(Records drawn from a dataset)

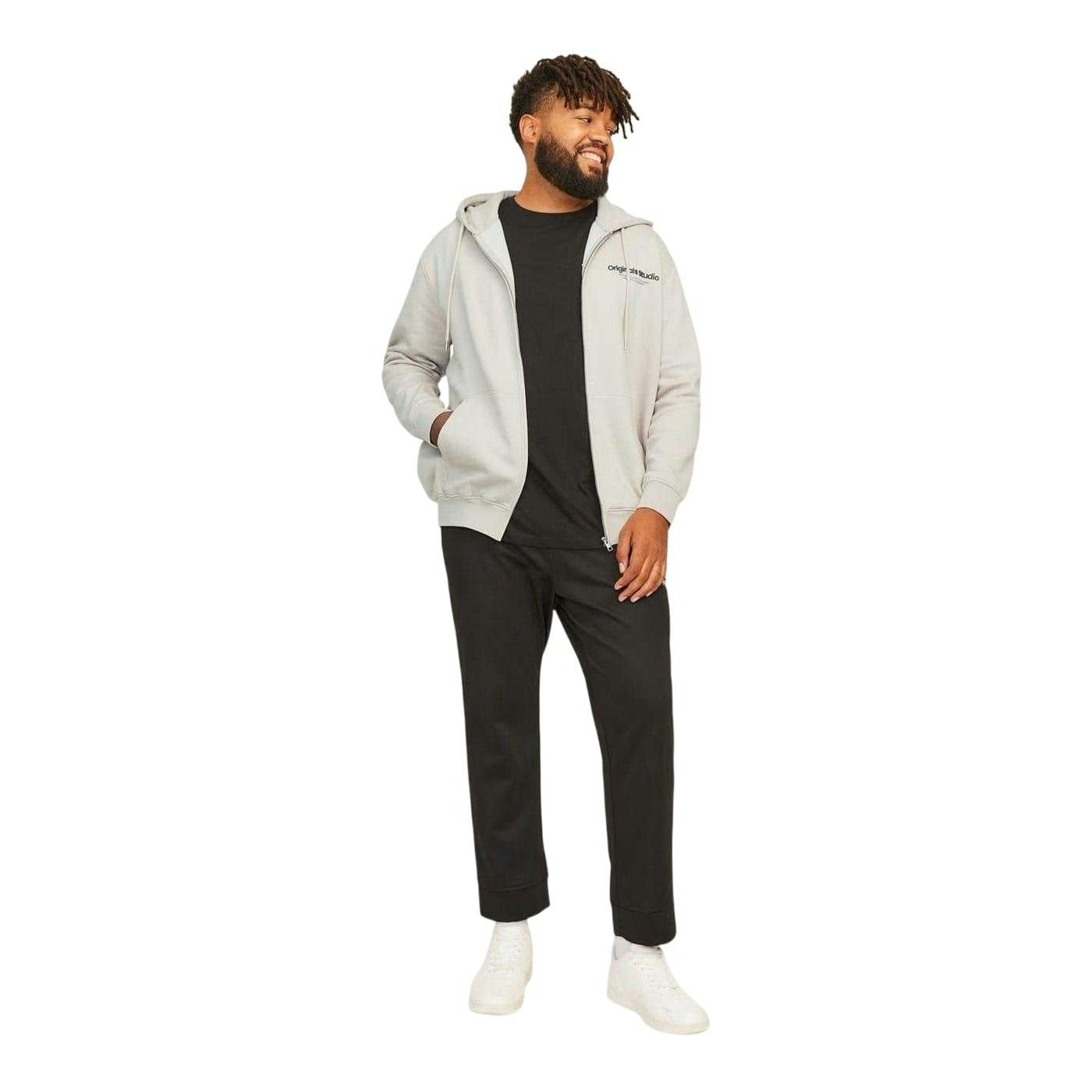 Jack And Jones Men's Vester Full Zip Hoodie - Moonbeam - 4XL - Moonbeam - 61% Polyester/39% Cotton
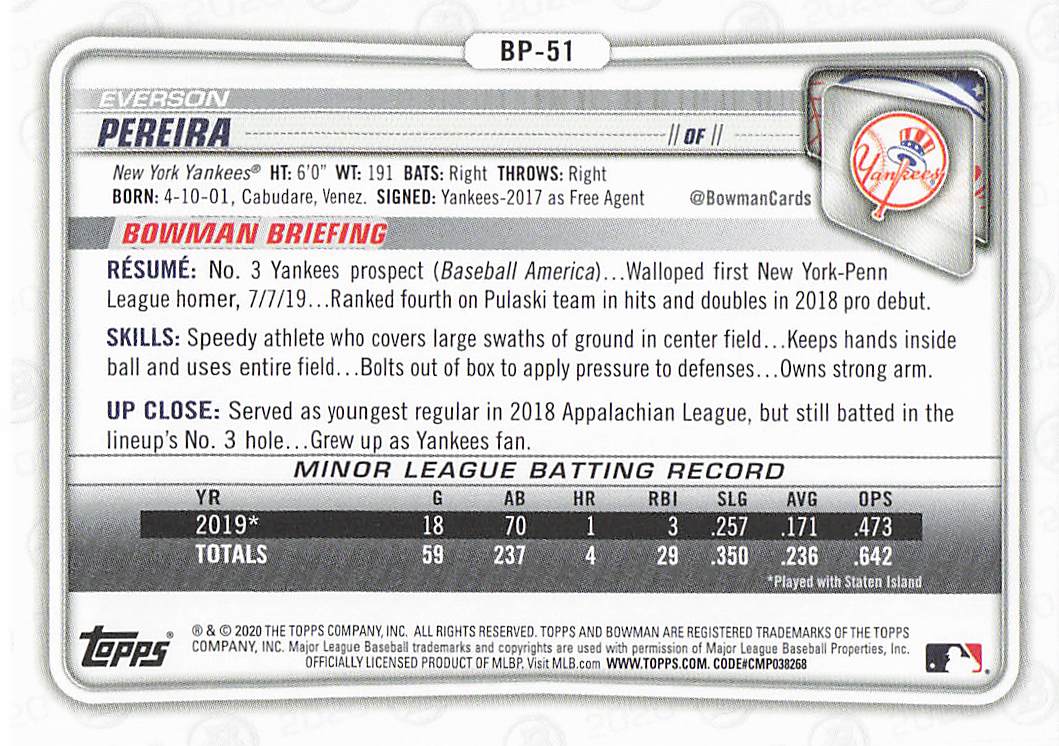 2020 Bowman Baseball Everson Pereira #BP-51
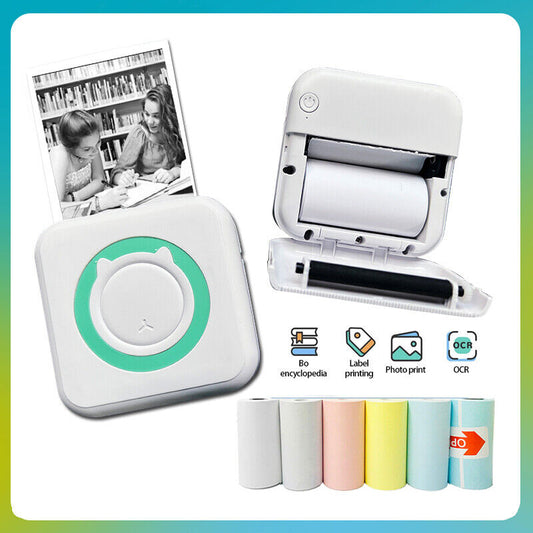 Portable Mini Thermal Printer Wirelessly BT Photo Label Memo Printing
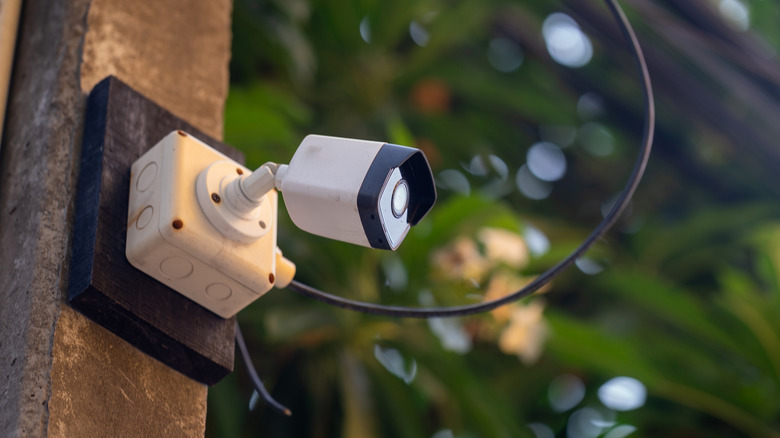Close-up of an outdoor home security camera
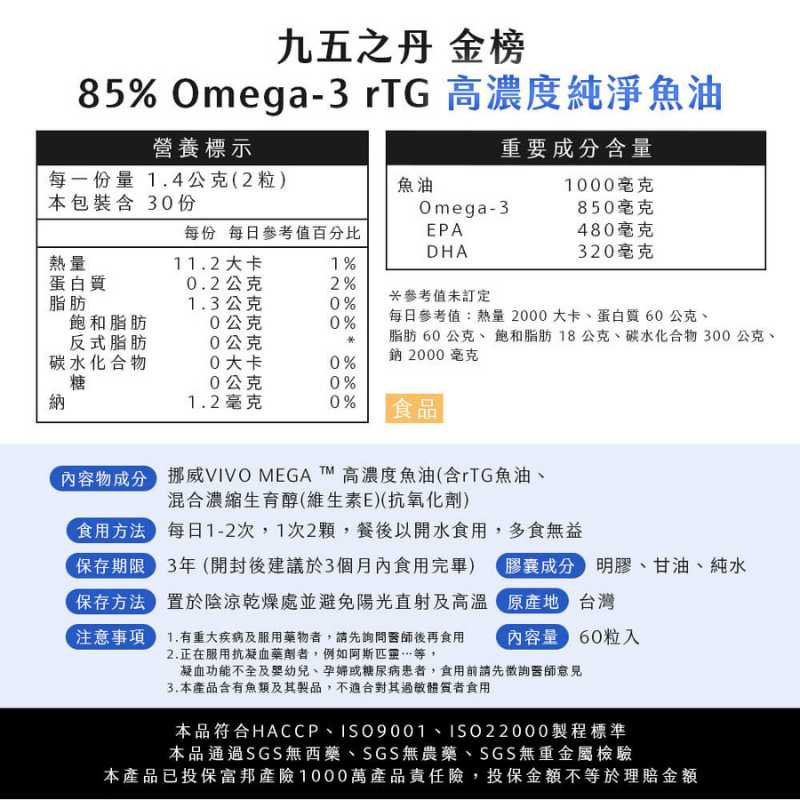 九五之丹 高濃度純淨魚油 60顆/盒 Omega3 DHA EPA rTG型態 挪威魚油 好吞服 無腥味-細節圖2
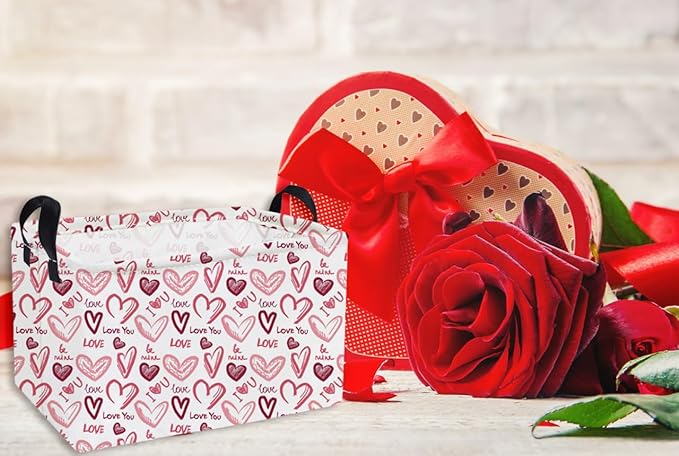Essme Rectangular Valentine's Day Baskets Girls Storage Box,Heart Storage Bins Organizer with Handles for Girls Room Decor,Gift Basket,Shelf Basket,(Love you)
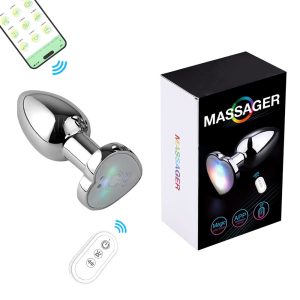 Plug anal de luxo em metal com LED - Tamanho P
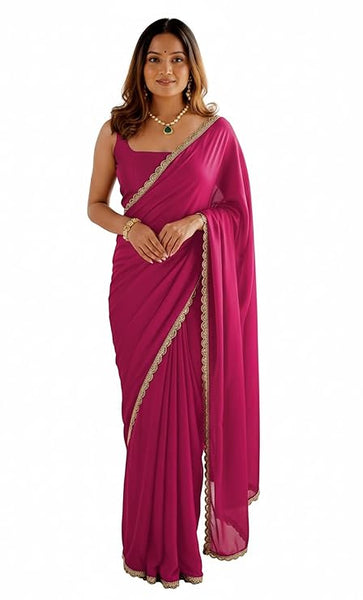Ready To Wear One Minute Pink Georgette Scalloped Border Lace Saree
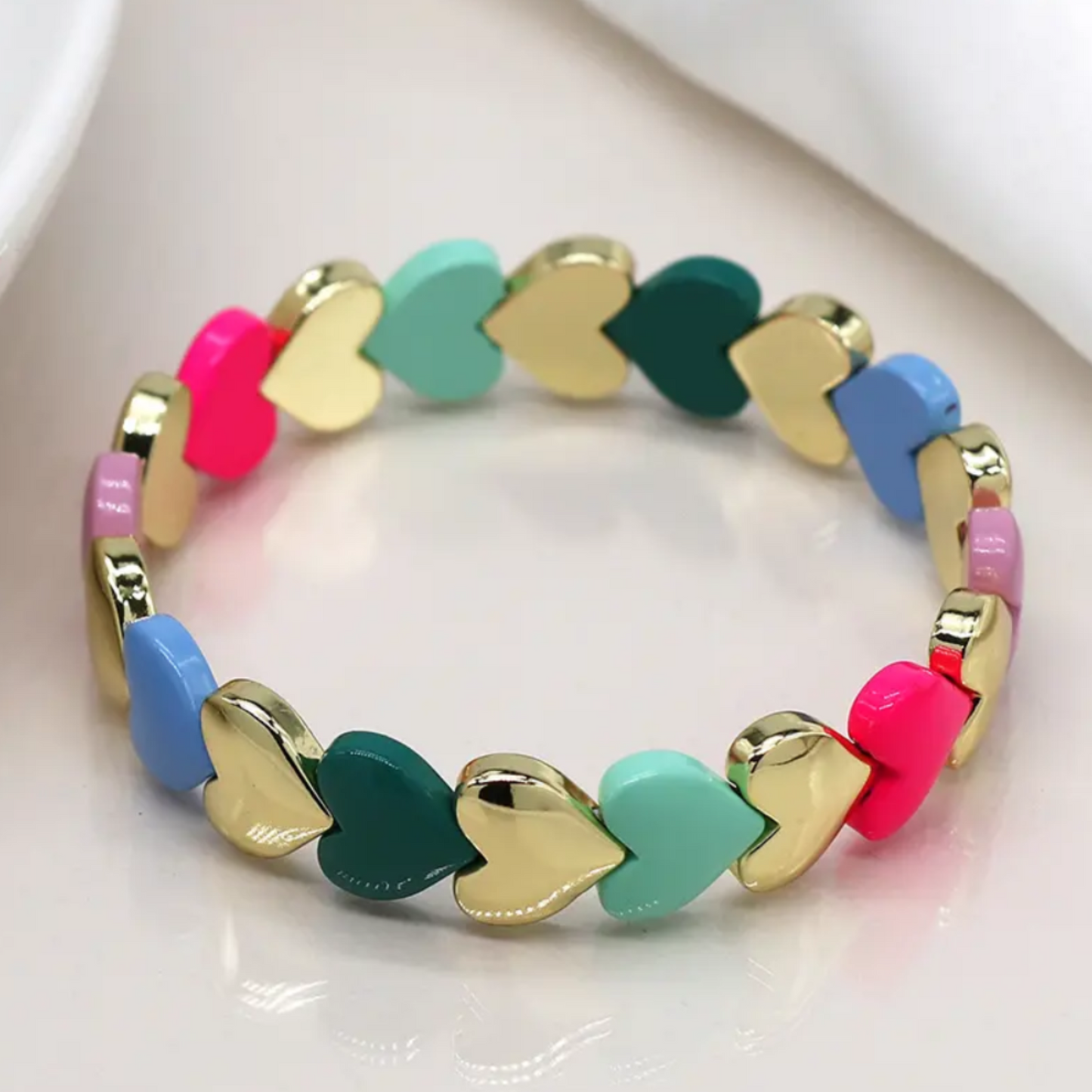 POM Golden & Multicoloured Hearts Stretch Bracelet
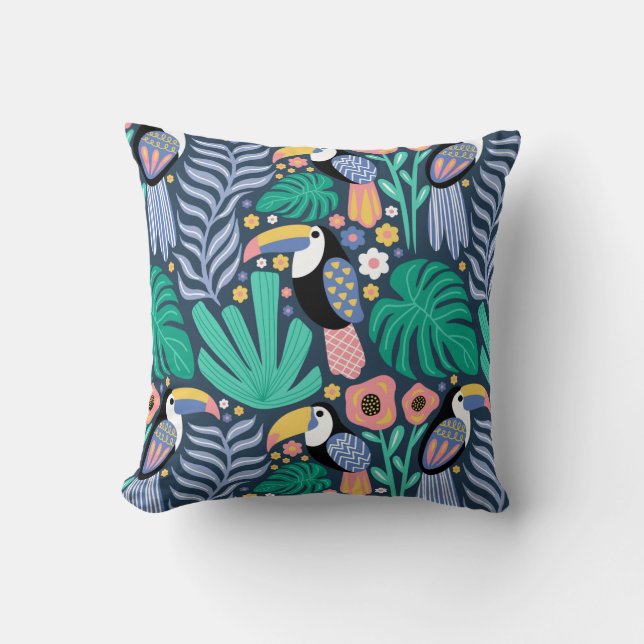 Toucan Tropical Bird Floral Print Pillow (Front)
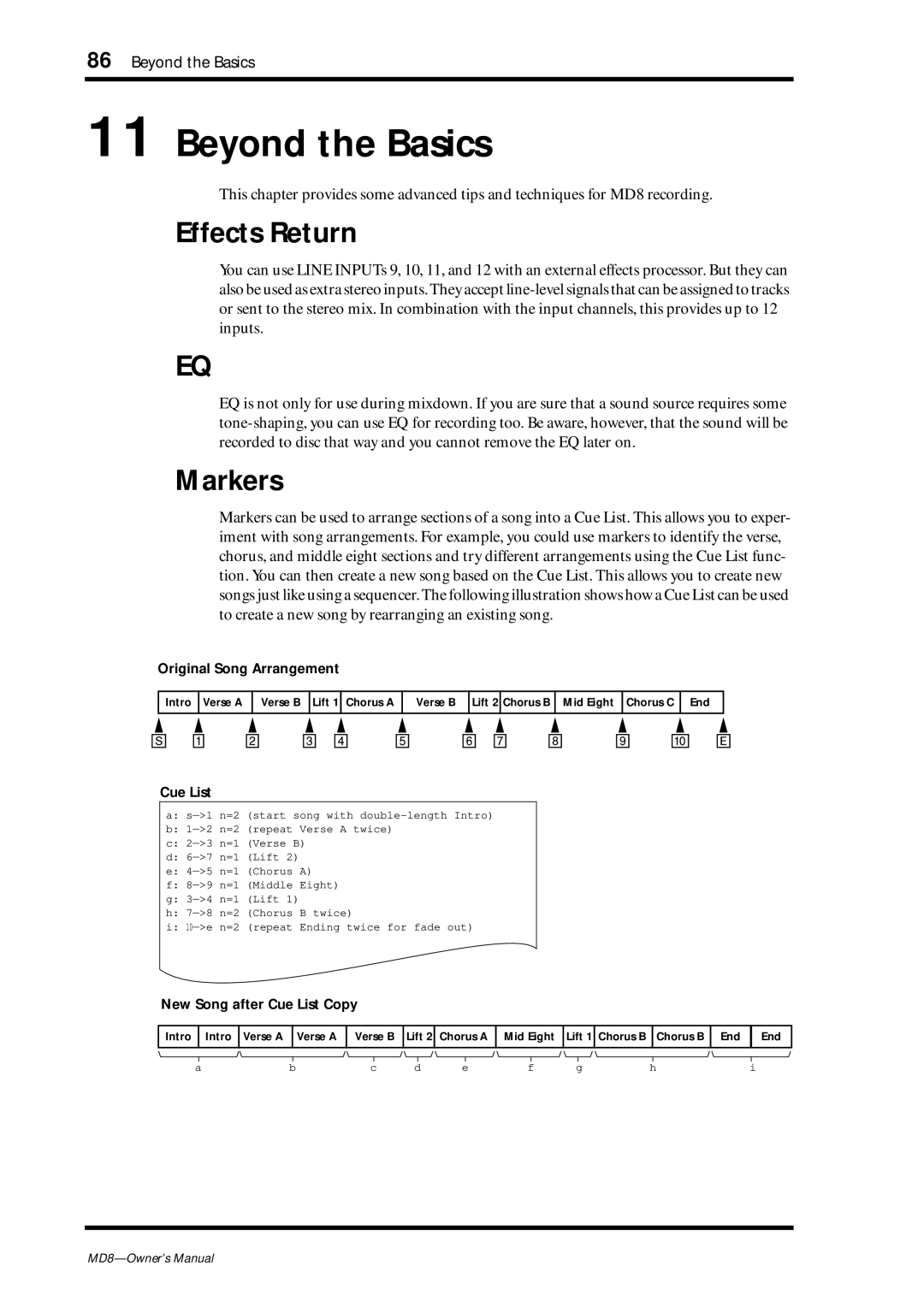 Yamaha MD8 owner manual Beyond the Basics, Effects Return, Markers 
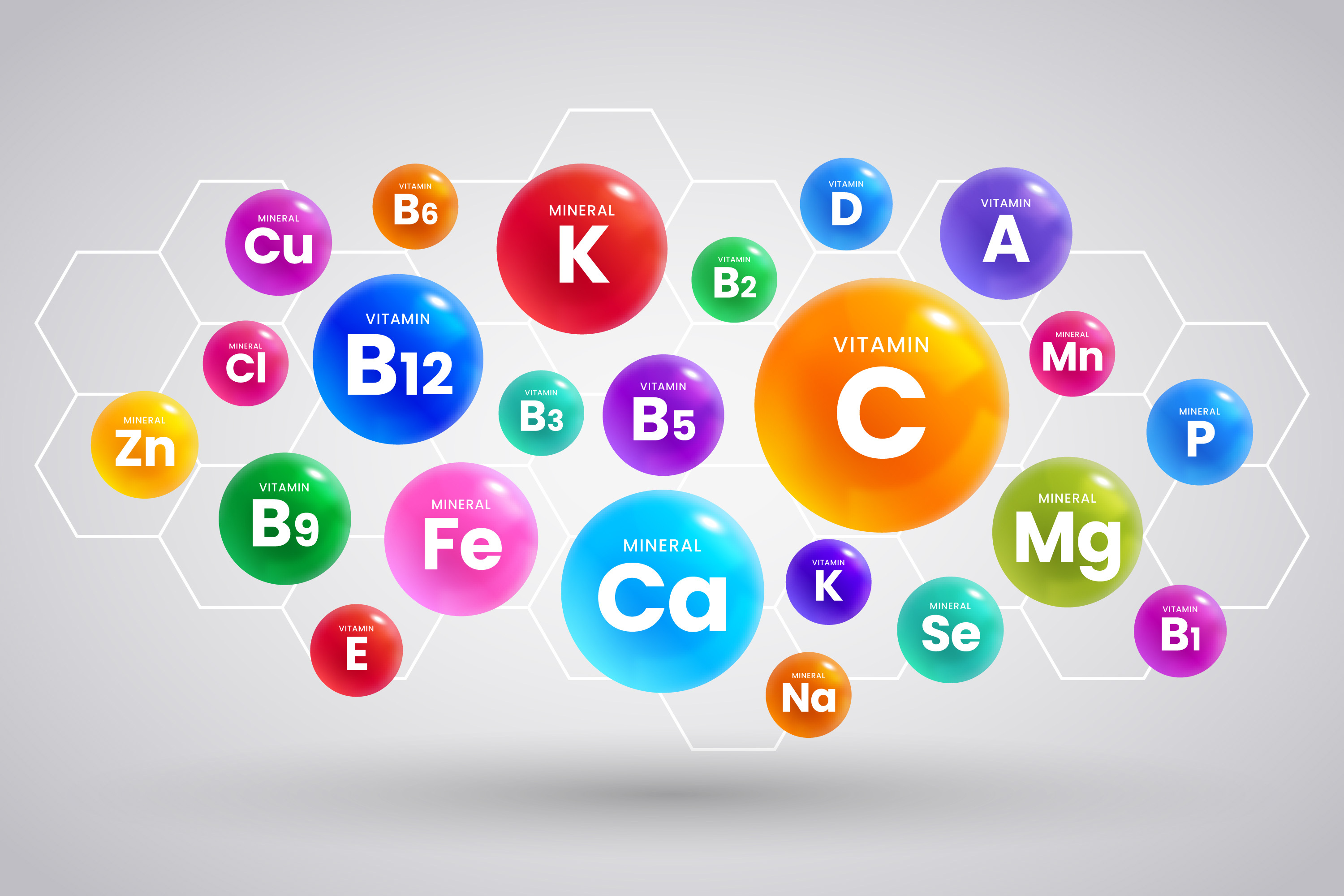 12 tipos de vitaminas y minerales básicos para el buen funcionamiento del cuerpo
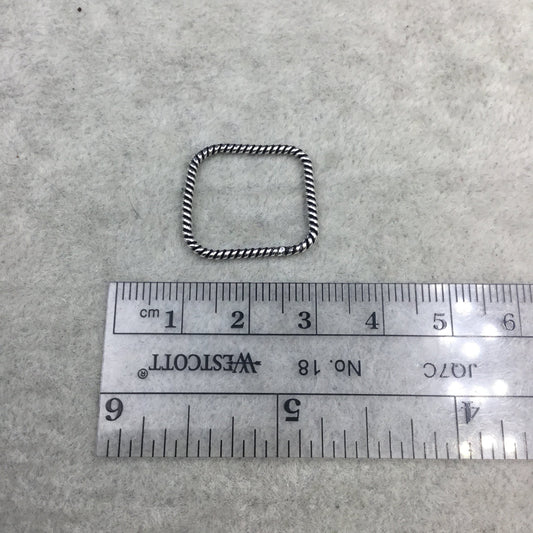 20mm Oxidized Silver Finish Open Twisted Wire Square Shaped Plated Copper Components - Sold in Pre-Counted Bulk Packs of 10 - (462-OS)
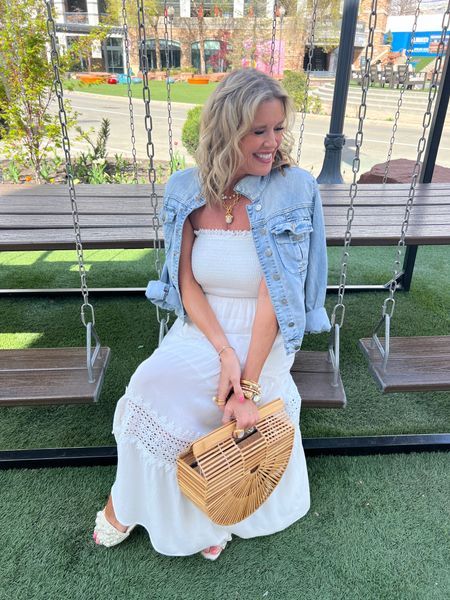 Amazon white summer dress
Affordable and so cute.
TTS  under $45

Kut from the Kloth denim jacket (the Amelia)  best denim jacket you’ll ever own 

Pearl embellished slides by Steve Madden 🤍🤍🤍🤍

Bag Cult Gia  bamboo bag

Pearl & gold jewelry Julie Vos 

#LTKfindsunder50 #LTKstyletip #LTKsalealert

**What to produce**. The stretch to restate runs from the line above containing "POM Golden &" through the line containing "12 tipos de". Copy it word for word, ends included, without pictures.

**Answer space**.
 POM Golden & Multicoloured Hearts Stretch Bracelet
 Toucan Tropical Bird Floral Print Pillow (Front)
 Yamaha MD8 owner manual Beyond the Basics, Effects Return, Markers 
 12 tipos de vitaminas y minerales básicos para el buen funcionamiento del cuerpo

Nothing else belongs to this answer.